**Required action**
Any pictures in the records below must be left out when you repeat the lines from the line containing "Bermudas bege feitas" through the line containing "Rune 2 Light" exactly.

**Material to process**

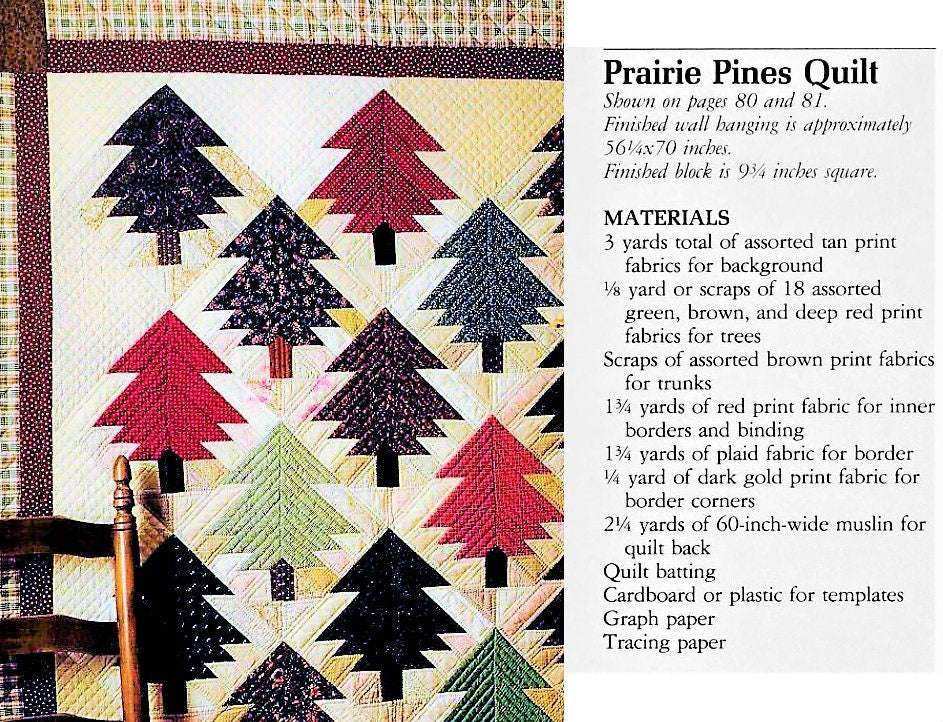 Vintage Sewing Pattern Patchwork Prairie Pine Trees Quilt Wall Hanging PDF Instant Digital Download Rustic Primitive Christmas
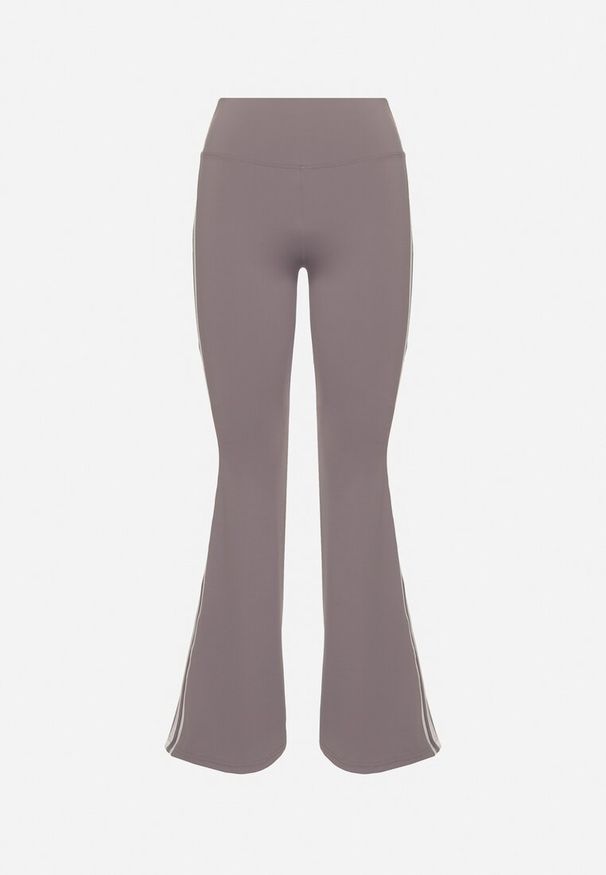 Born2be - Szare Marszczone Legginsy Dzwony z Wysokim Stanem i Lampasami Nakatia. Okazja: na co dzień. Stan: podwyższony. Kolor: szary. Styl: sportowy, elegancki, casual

* * *

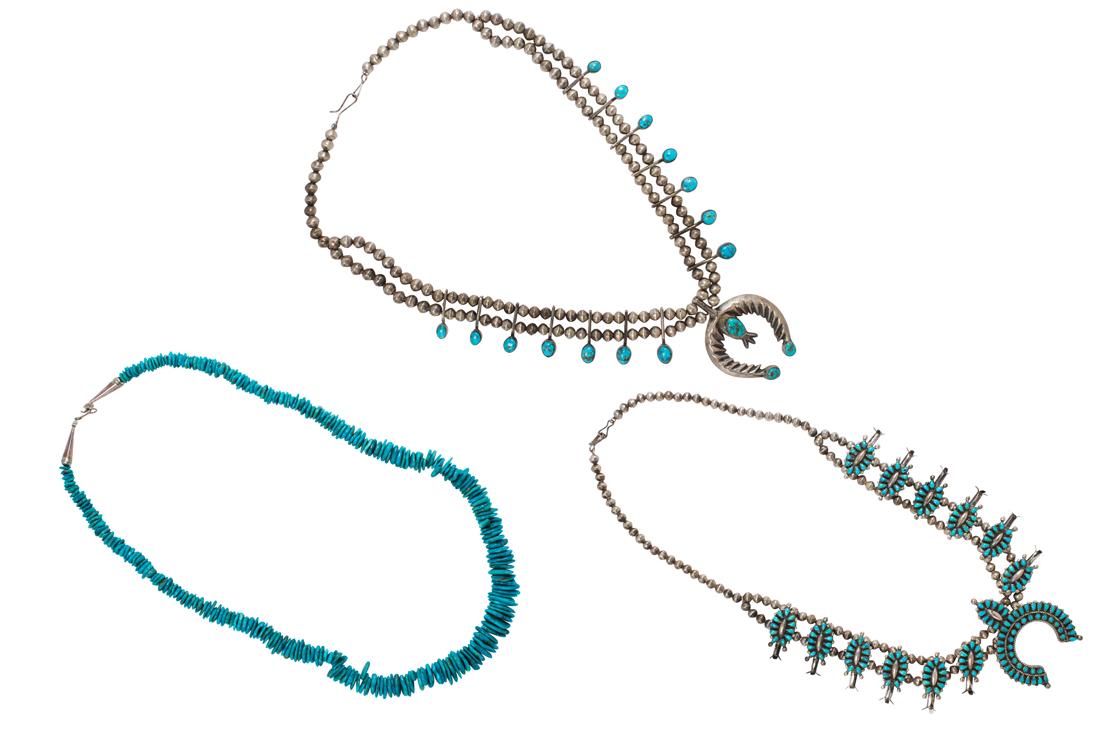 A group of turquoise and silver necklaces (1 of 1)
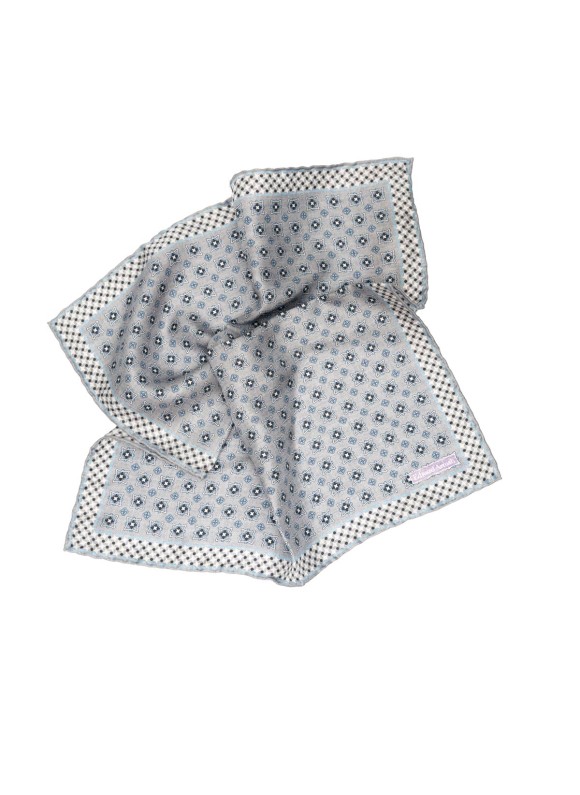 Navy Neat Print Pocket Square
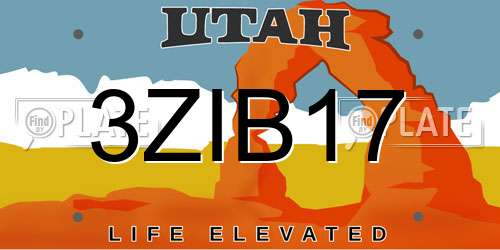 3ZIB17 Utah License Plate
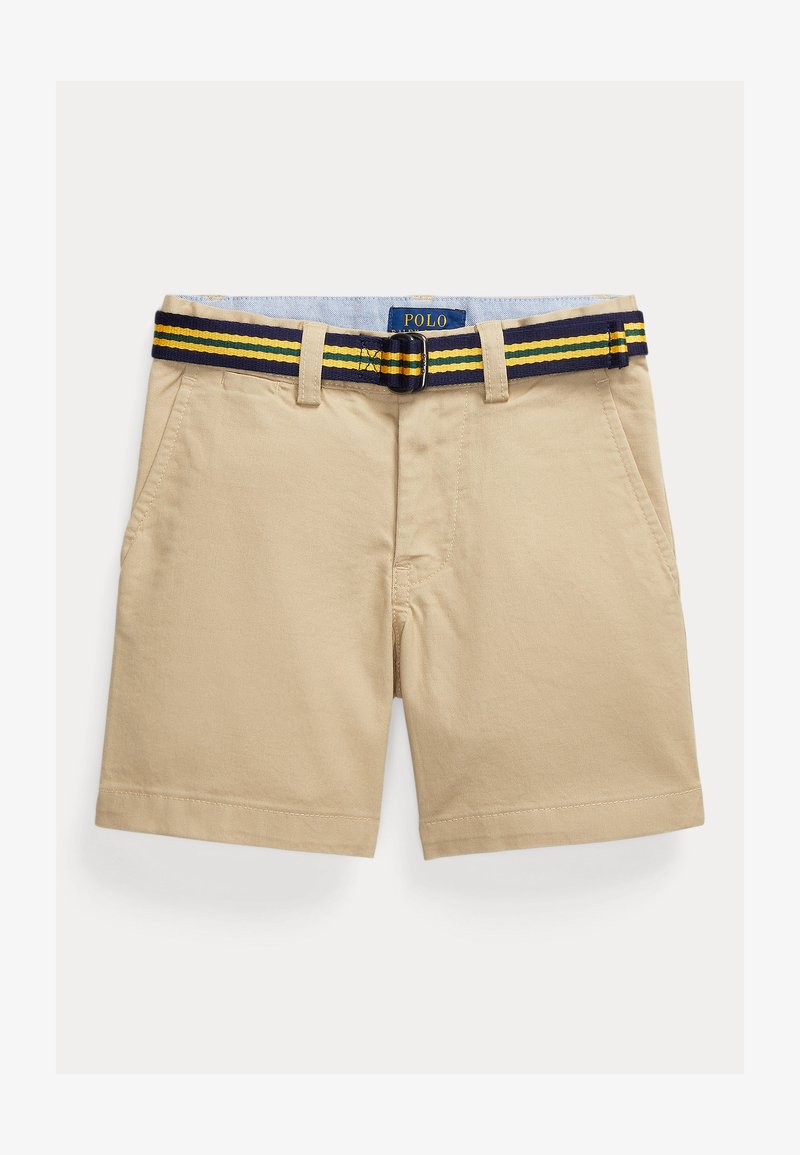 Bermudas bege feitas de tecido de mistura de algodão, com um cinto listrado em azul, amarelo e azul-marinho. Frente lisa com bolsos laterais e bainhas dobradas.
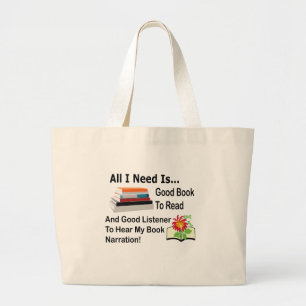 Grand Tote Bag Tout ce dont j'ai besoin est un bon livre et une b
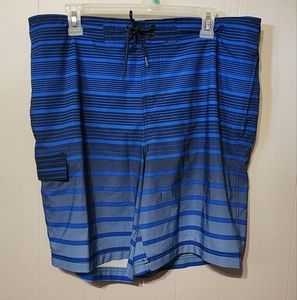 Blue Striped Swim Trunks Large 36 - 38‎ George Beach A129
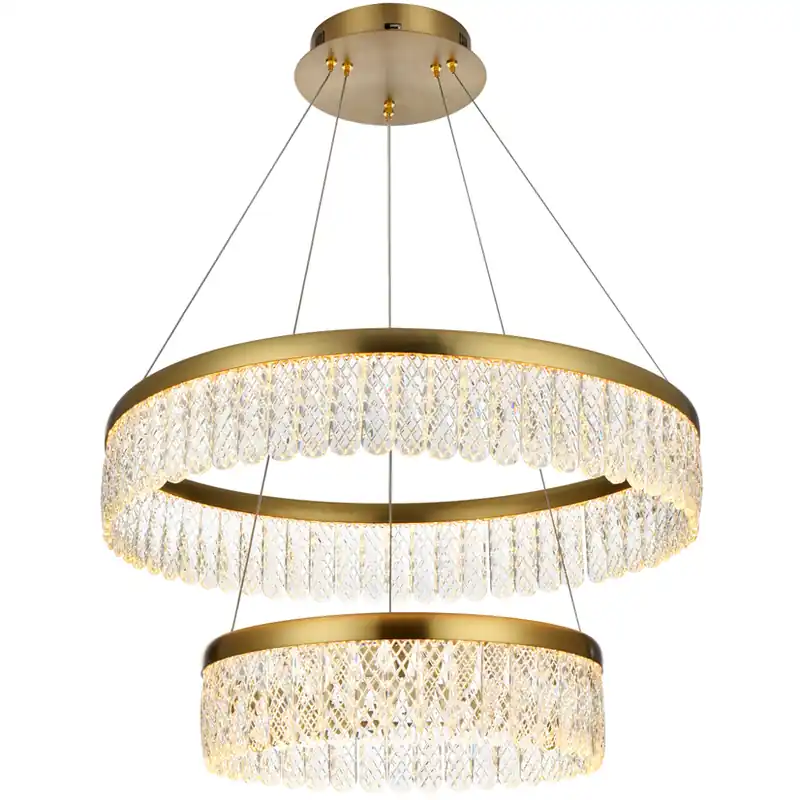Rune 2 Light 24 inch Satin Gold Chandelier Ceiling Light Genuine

==

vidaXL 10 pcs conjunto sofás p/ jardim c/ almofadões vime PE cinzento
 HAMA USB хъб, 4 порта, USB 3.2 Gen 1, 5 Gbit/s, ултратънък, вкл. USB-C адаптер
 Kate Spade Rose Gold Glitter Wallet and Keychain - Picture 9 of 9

**Exercise answer**
 Bermudas bege feitas de tecido de mistura de algodão, com um cinto listrado em azul, amarelo e azul-marinho. Frente lisa com bolsos laterais e bainhas dobradas.
 Grand Tote Bag Tout ce dont j'ai besoin est un bon livre et une b
 Blue Striped Swim Trunks Large 36 - 38‎ George Beach A129
Rune 2 Light 24 inch Satin Gold Chandelier Ceiling Light Genuine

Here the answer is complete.